* [Brief] Write out again, unchanged, the line that has "Cinta de Lomo" and each following line through the end of the entries below; leave pictures out.

(Items listed in a dataset)
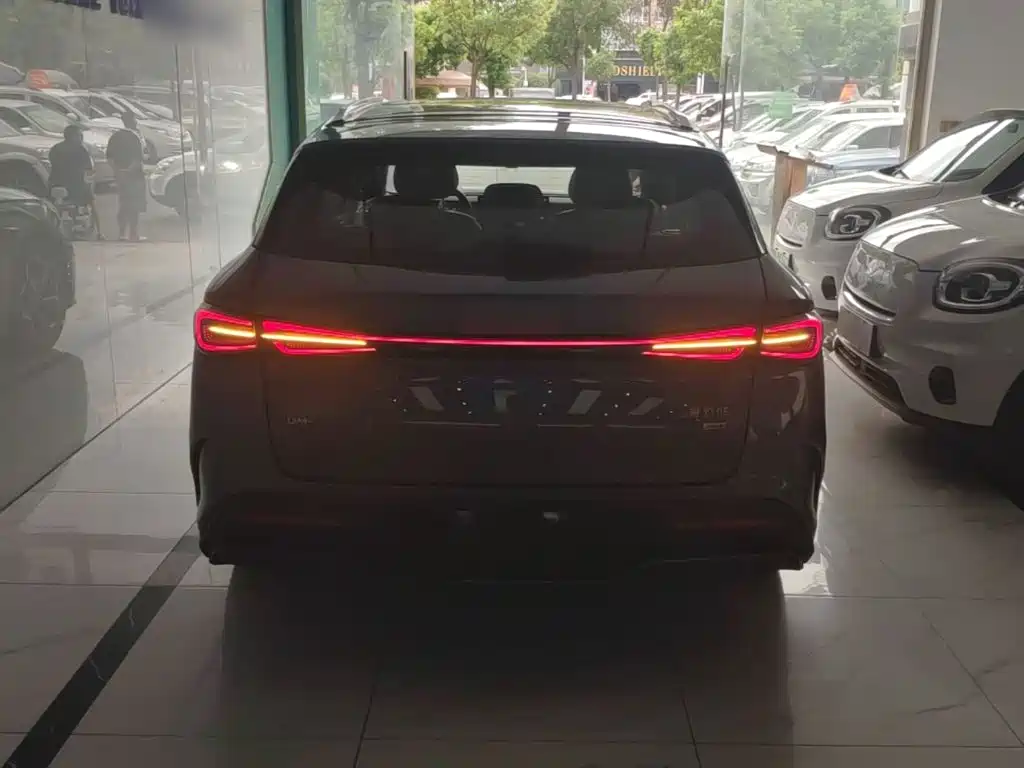 BYD Seal 06 DM-i Touring — миниатюра 6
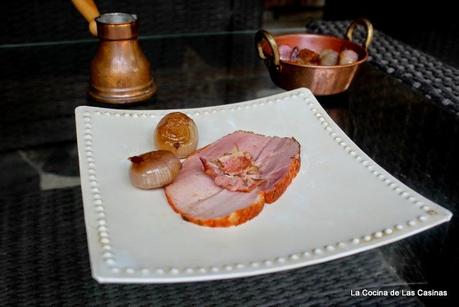 Cinta de Lomo Adobado al Horno con Cebolletas Confitadas de la Huerta de las Mora en Salave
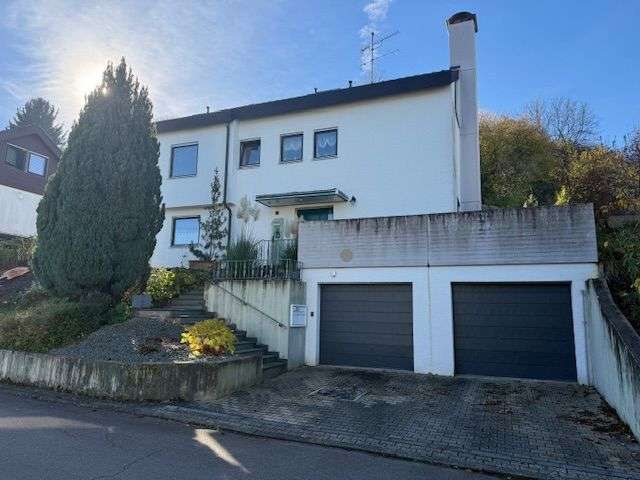 Thumbnail-Haus zum Kaufen in Frickenhausen 649.000,00 € 210 m²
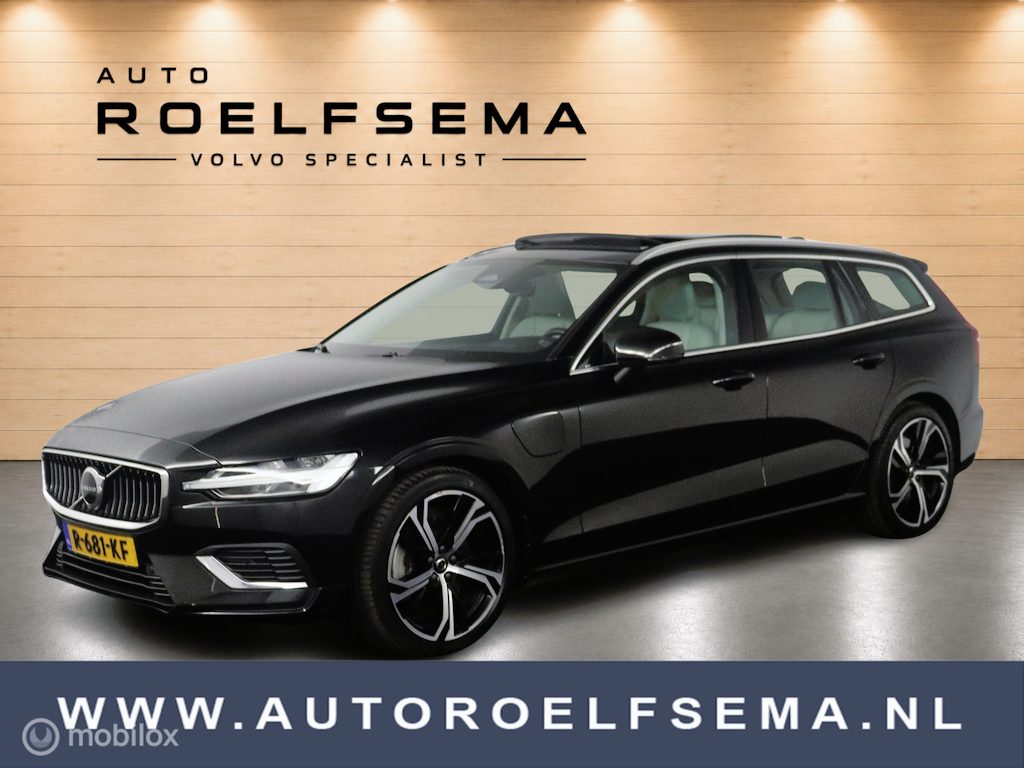 Volvo V60 2.0 T6 Plug-in hybrid AWD Plus Bright | Panoramadak | SOH 96,8% | Adaptieve Cruise | BLISS | Verwarmbare Voorstoelen & Stuurwiel | Verwarmbare Achterbank | 19" Velgen | Stoelventilatie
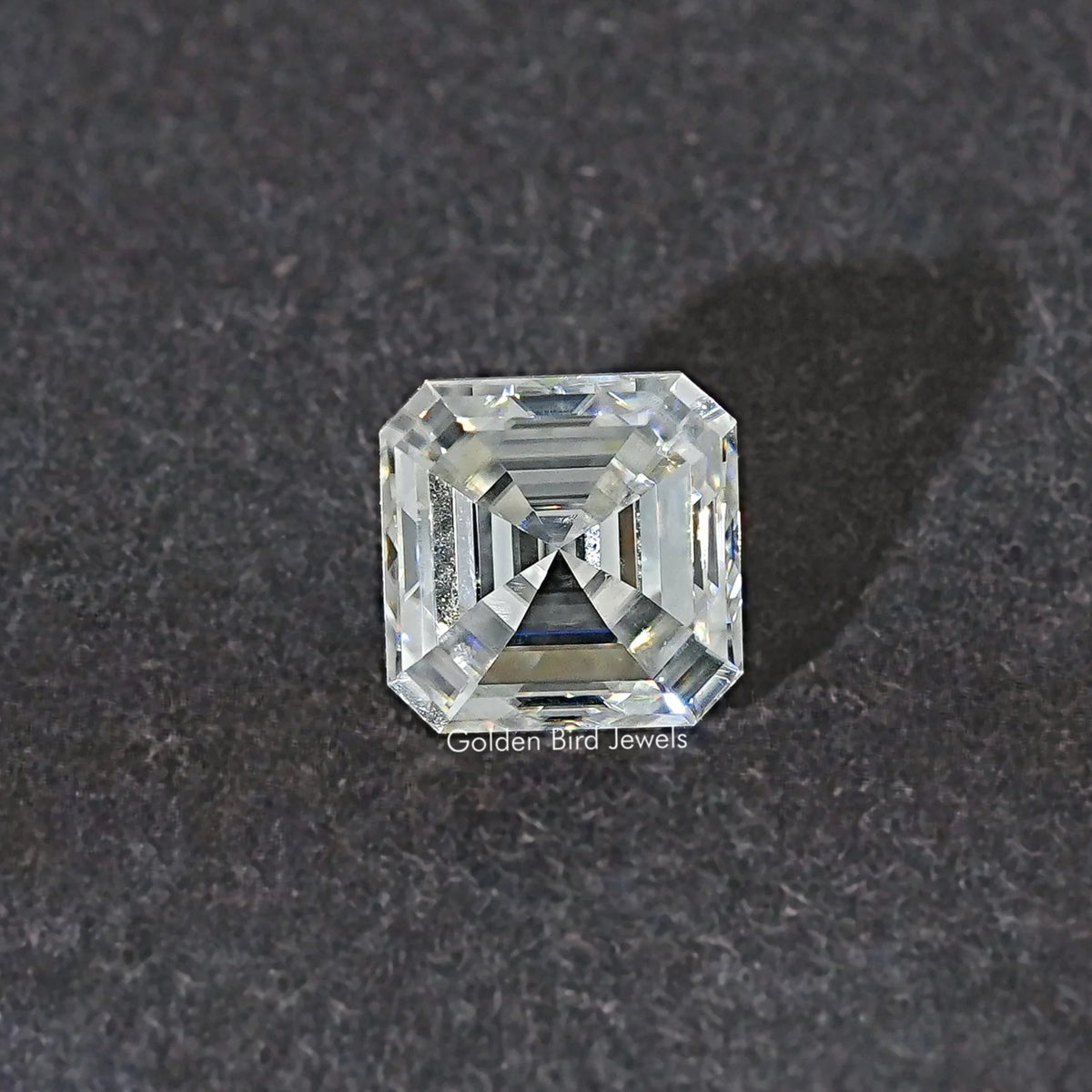 Off-white Asscher-cut moissanite loose stone, 2.85 CT, square step facets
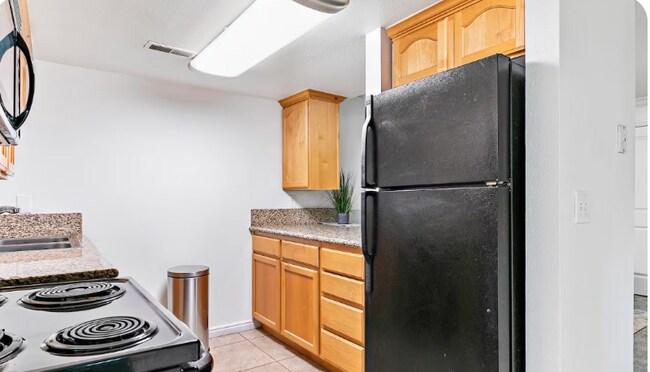 Building Photo - 5750 S 900 E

* [Task response]
 Cinta de Lomo Adobado al Horno con Cebolletas Confitadas de la Huerta de las Mora en Salave
 Thumbnail-Haus zum Kaufen in Frickenhausen 649.000,00 € 210 m²
 Volvo V60 2.0 T6 Plug-in hybrid AWD Plus Bright | Panoramadak | SOH 96,8% | Adaptieve Cruise | BLISS | Verwarmbare Voorstoelen & Stuurwiel | Verwarmbare Achterbank | 19" Velgen | Stoelventilatie
 Off-white Asscher-cut moissanite loose stone, 2.85 CT, square step facets
 Building Photo - 5750 S 900 E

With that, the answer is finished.